# INFORMATION:
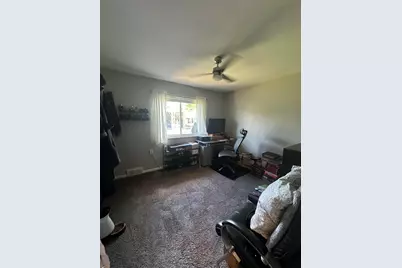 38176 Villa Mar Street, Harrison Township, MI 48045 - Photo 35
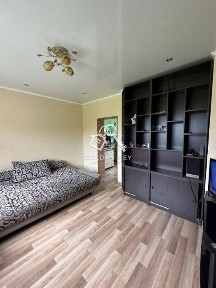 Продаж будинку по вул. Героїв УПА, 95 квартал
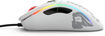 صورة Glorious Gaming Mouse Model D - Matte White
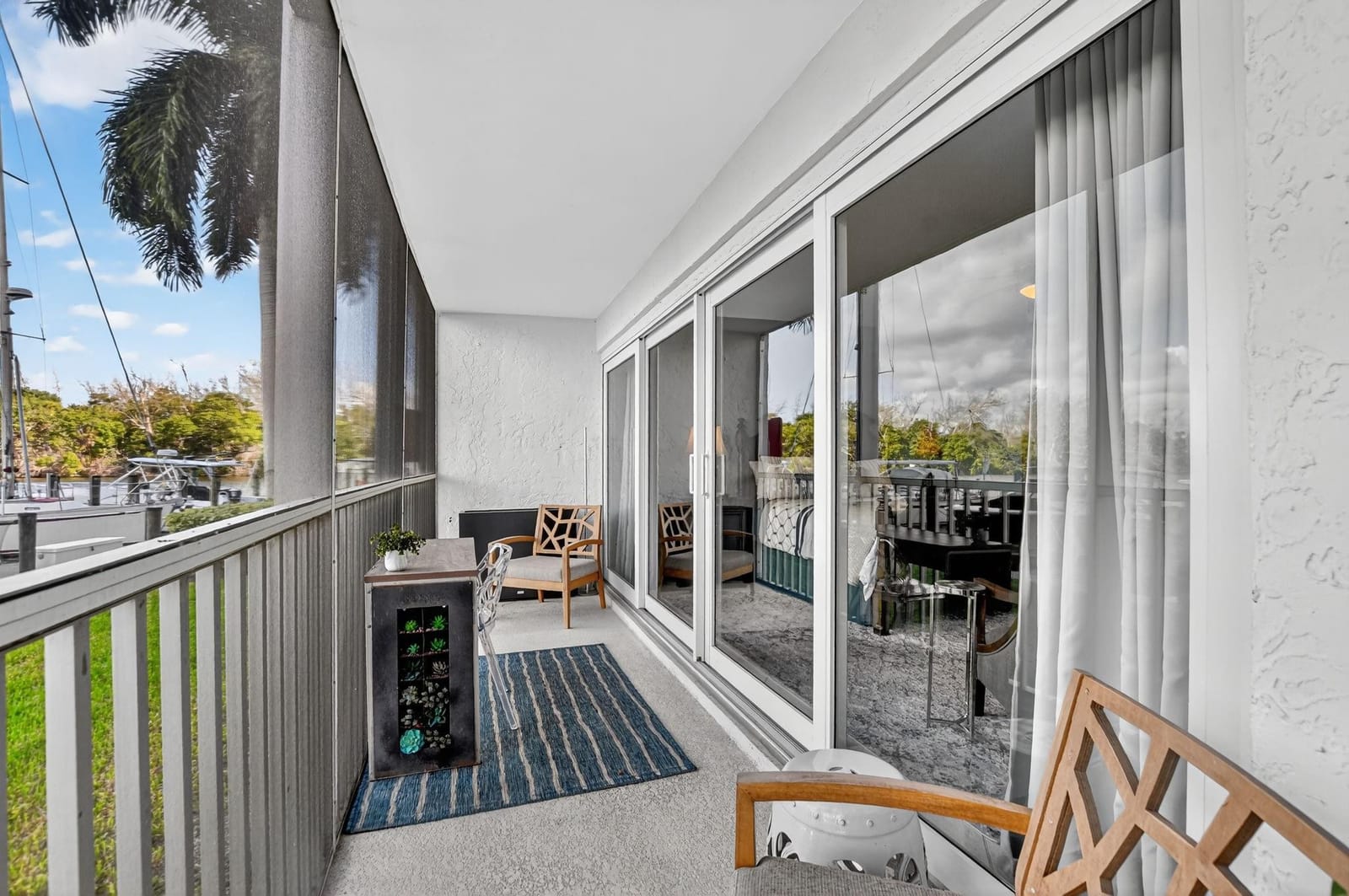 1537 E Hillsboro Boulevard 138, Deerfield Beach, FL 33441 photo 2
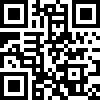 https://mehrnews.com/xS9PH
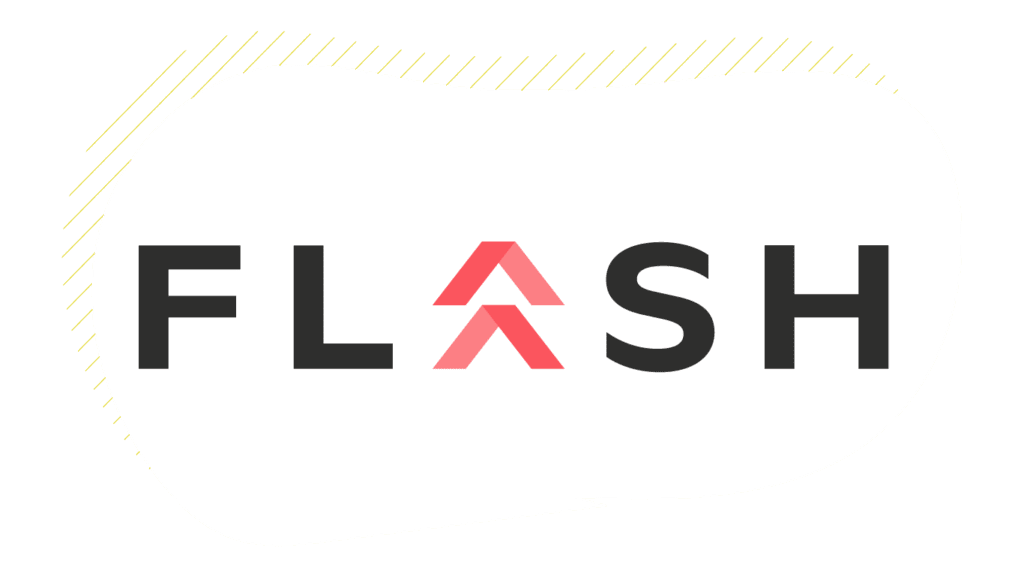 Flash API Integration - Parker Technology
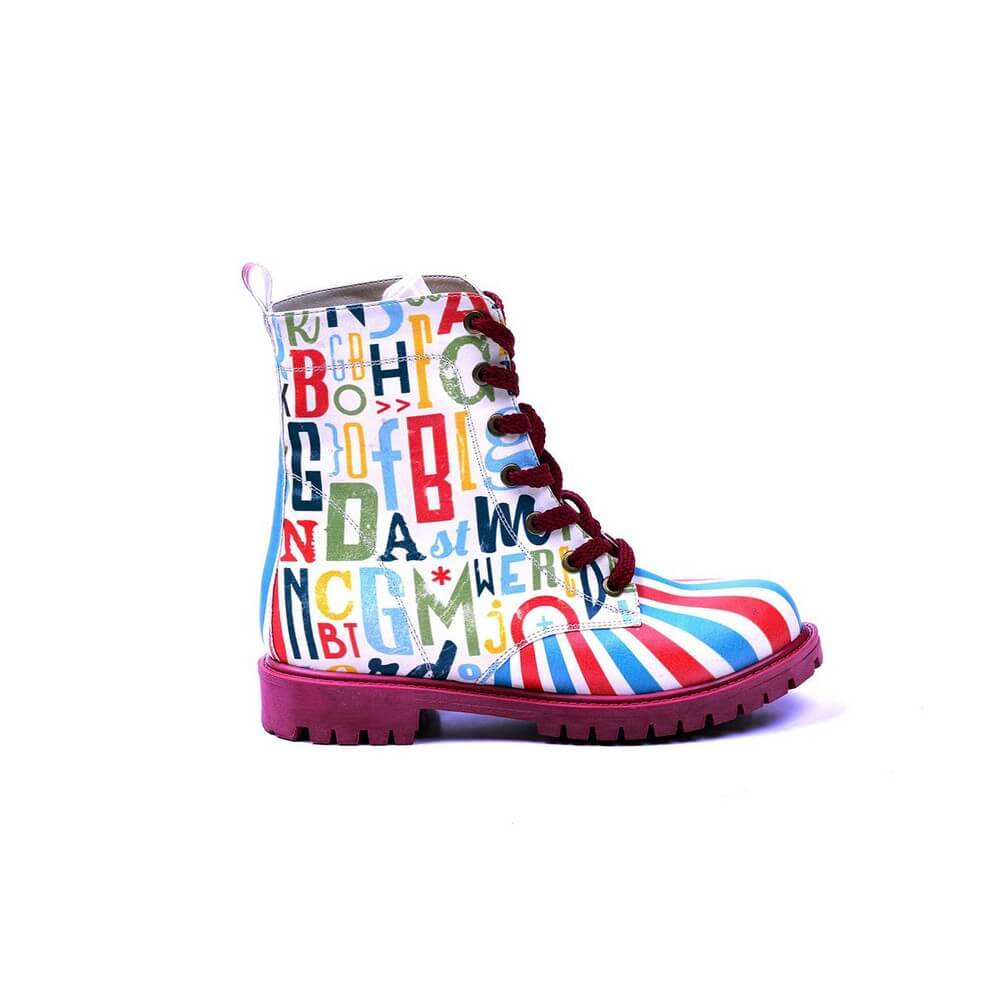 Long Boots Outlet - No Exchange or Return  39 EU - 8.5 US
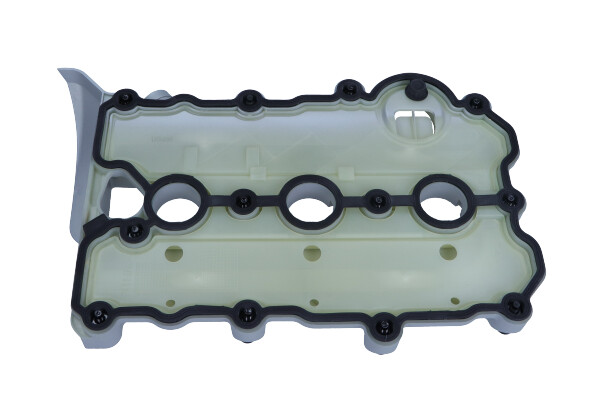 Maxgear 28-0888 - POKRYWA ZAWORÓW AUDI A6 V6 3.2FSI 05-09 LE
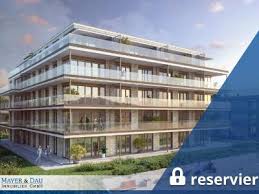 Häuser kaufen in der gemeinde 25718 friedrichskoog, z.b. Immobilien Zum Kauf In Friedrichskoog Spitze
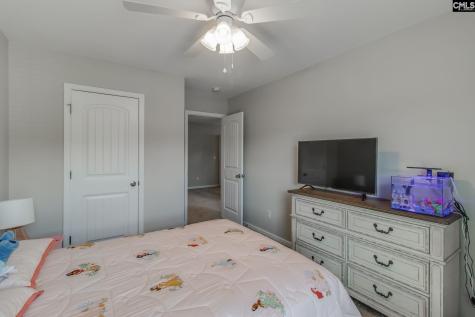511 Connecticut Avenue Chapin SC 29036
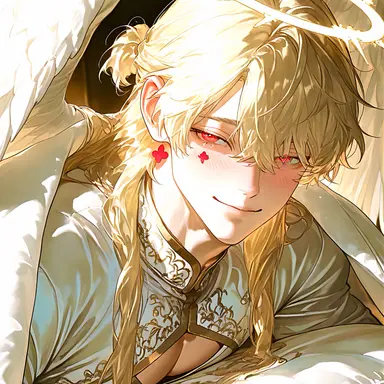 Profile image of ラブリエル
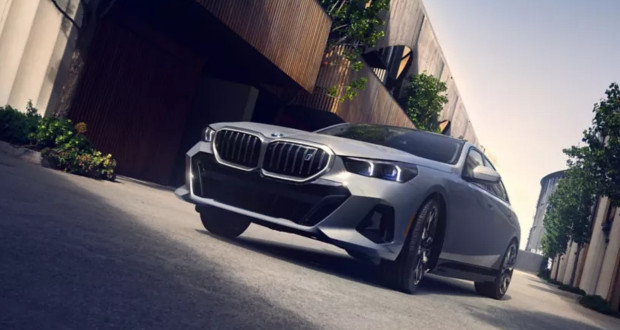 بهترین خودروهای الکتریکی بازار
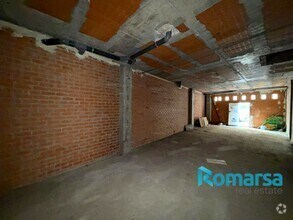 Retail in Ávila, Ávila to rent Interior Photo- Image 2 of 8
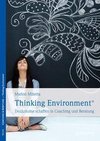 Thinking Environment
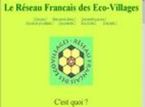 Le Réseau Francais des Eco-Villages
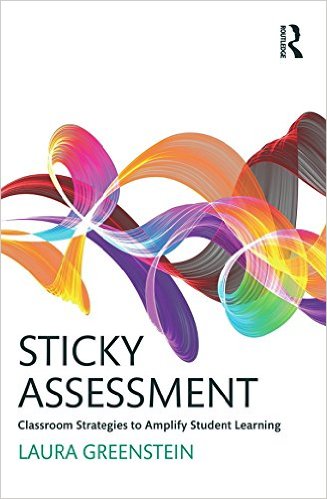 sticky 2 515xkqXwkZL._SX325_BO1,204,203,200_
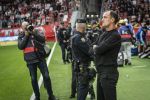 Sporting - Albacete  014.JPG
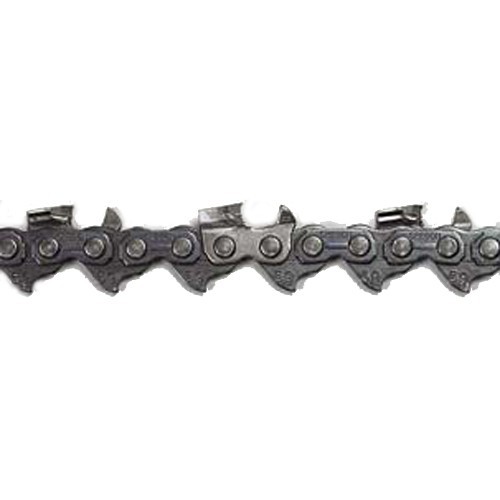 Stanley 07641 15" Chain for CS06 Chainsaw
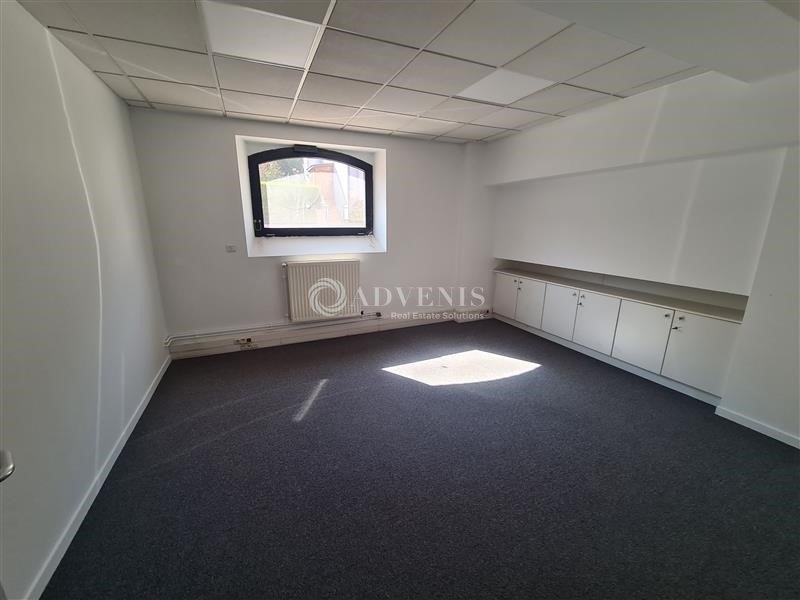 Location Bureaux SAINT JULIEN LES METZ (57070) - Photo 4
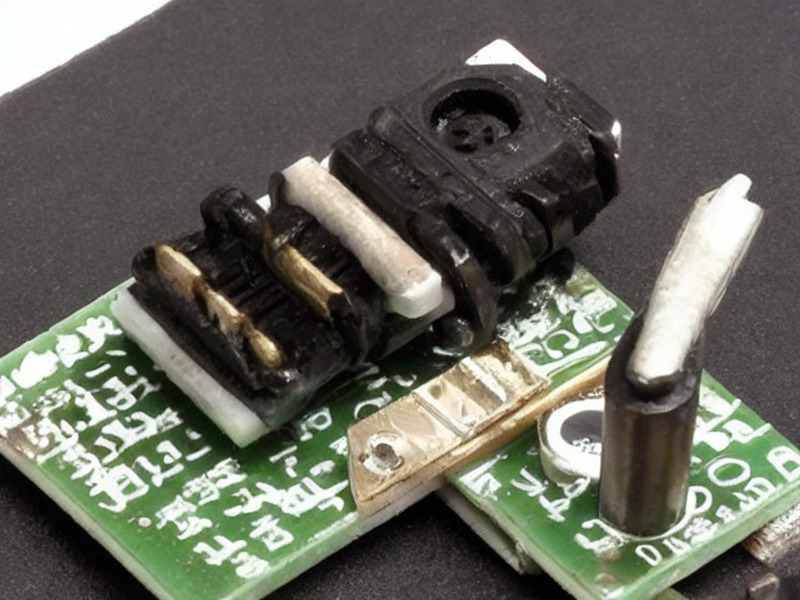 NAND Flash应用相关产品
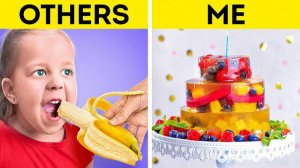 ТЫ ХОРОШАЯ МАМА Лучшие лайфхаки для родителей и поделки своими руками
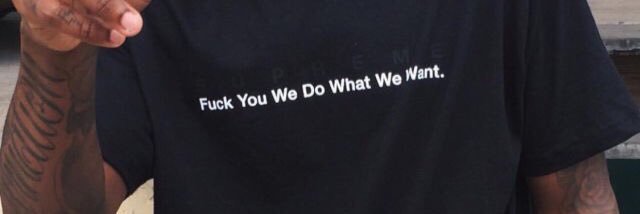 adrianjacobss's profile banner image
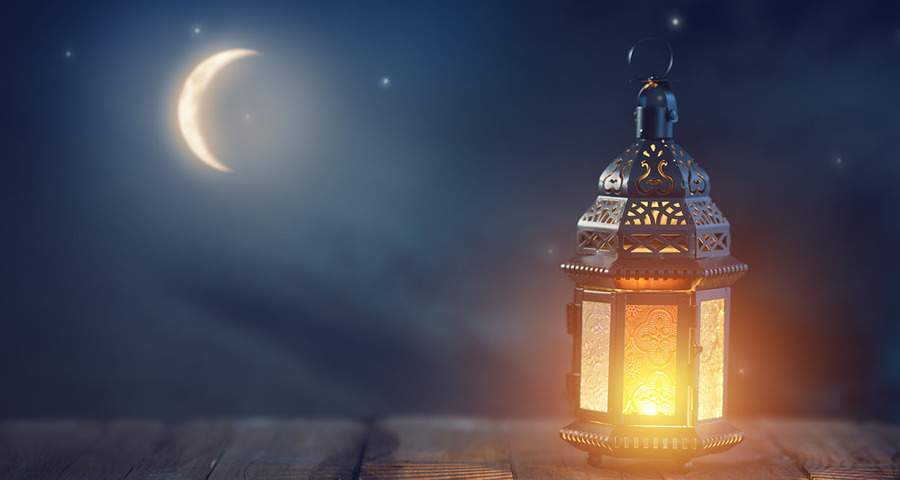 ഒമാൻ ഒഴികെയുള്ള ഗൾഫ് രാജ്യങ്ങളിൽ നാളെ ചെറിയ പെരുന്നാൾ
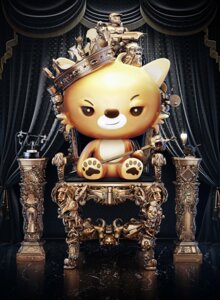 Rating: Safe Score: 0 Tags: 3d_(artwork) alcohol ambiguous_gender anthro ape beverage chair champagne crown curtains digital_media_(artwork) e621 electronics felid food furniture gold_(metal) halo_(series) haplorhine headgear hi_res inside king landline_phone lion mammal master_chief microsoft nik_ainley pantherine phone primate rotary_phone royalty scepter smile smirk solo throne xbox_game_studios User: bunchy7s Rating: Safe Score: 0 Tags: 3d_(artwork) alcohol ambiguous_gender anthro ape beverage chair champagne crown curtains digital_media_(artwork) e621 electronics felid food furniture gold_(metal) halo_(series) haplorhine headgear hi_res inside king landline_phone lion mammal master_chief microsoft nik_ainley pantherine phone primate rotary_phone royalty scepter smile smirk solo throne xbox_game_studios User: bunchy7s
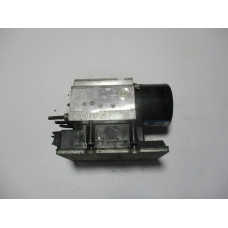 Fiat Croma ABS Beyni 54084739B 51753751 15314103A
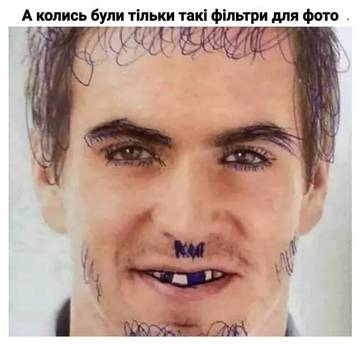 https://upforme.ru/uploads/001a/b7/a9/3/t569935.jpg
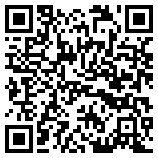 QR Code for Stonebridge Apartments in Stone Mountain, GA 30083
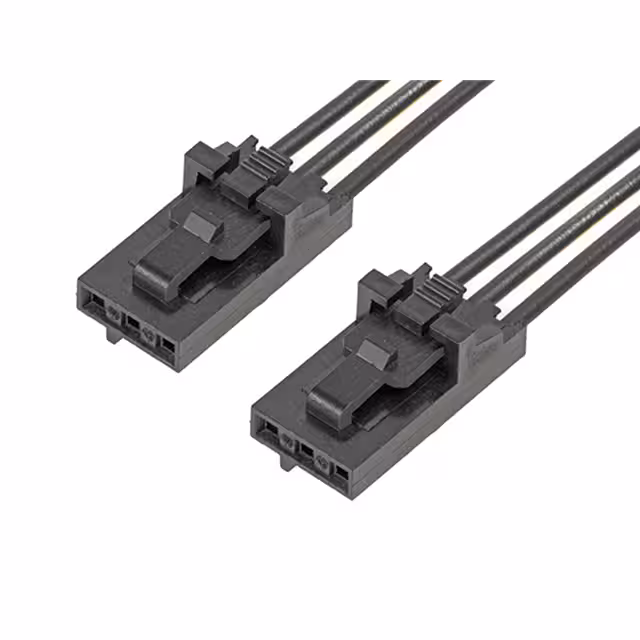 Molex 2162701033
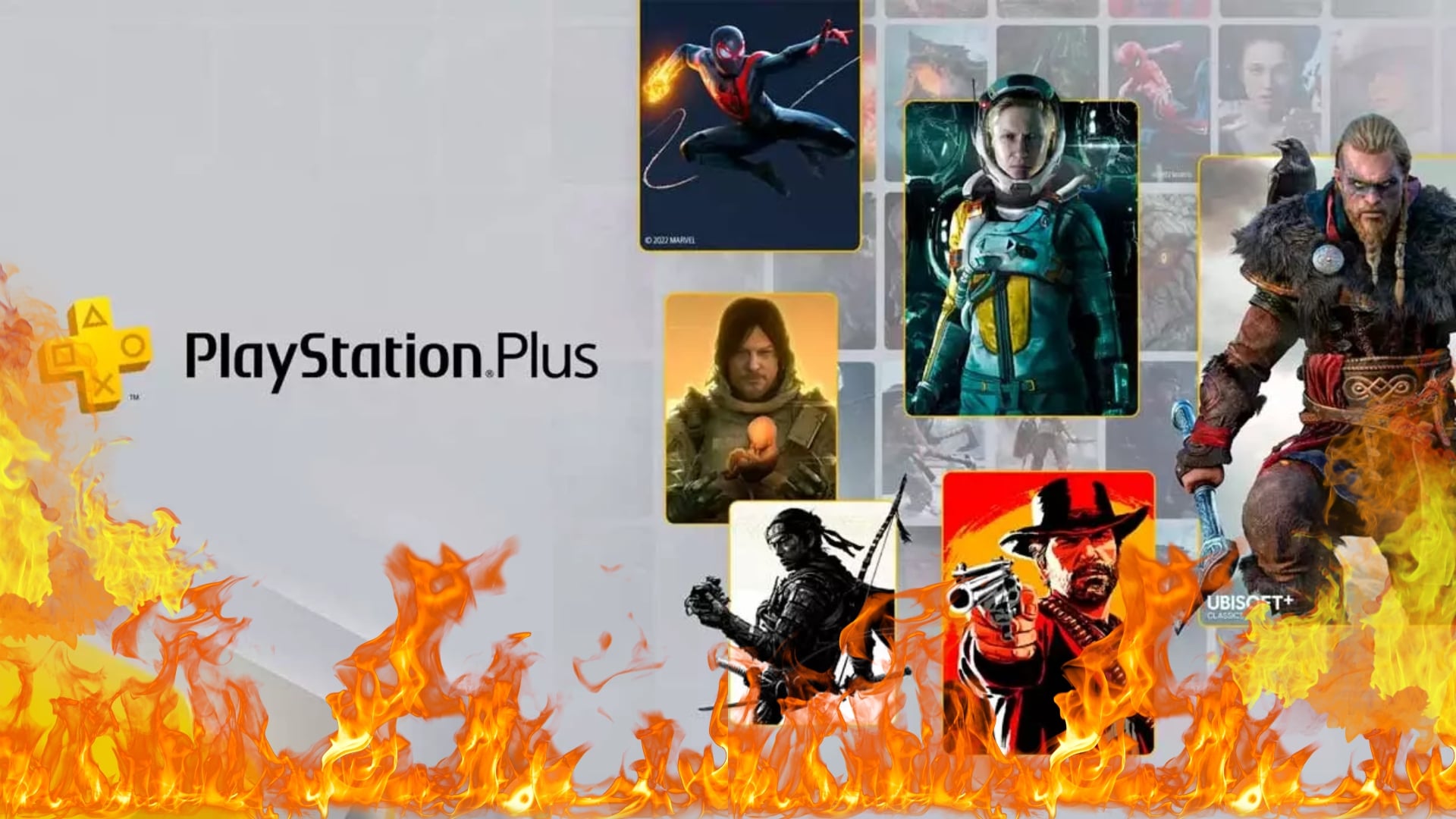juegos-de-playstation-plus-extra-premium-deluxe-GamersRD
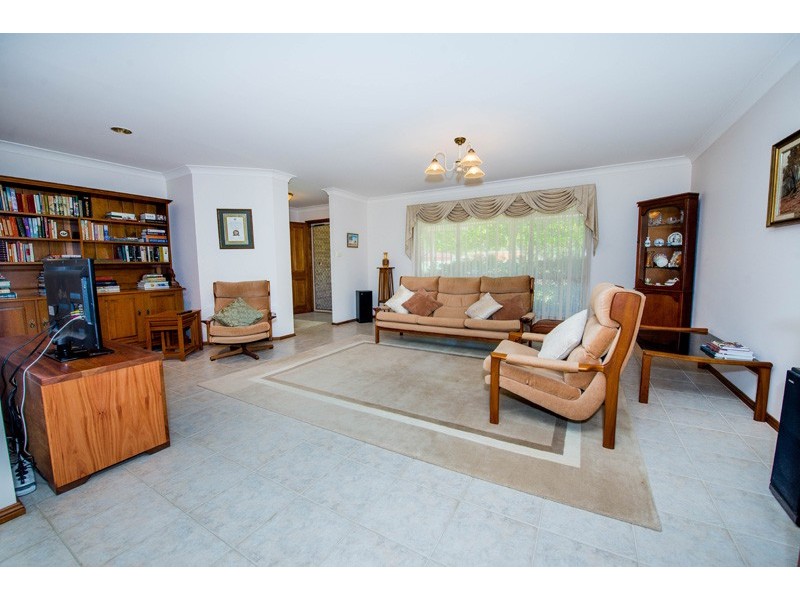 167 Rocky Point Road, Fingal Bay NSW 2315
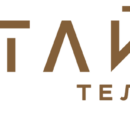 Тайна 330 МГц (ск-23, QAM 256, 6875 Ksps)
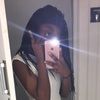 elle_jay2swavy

# GOAL OF THE EXERCISE:
Return exactly the part of the listing above that opens with the line containing "for CS06 Chainsaw" and closes with the line containing "Molex 2162701033". Pictures stay out.

# FINAL ANSWER:
 Stanley 07641 15" Chain for CS06 Chainsaw
 Location Bureaux SAINT JULIEN LES METZ (57070) - Photo 4
 NAND Flash应用相关产品
 ТЫ ХОРОШАЯ МАМА Лучшие лайфхаки для родителей и поделки своими руками
 adrianjacobss's profile banner image
 ഒമാൻ ഒഴികെയുള്ള ഗൾഫ് രാജ്യങ്ങളിൽ നാളെ ചെറിയ പെരുന്നാൾ
 Rating: Safe Score: 0 Tags: 3d_(artwork) alcohol ambiguous_gender anthro ape beverage chair champagne crown curtains digital_media_(artwork) e621 electronics felid food furniture gold_(metal) halo_(series) haplorhine headgear hi_res inside king landline_phone lion mammal master_chief microsoft nik_ainley pantherine phone primate rotary_phone royalty scepter smile smirk solo throne xbox_game_studios User: bunchy7s Rating: Safe Score: 0 Tags: 3d_(artwork) alcohol ambiguous_gender anthro ape beverage chair champagne crown curtains digital_media_(artwork) e621 electronics felid food furniture gold_(metal) halo_(series) haplorhine headgear hi_res inside king landline_phone lion mammal master_chief microsoft nik_ainley pantherine phone primate rotary_phone royalty scepter smile smirk solo throne xbox_game_studios User: bunchy7s
 Fiat Croma ABS Beyni 54084739B 51753751 15314103A
 https://upforme.ru/uploads/001a/b7/a9/3/t569935.jpg
 QR Code for Stonebridge Apartments in Stone Mountain, GA 30083
 Molex 2162701033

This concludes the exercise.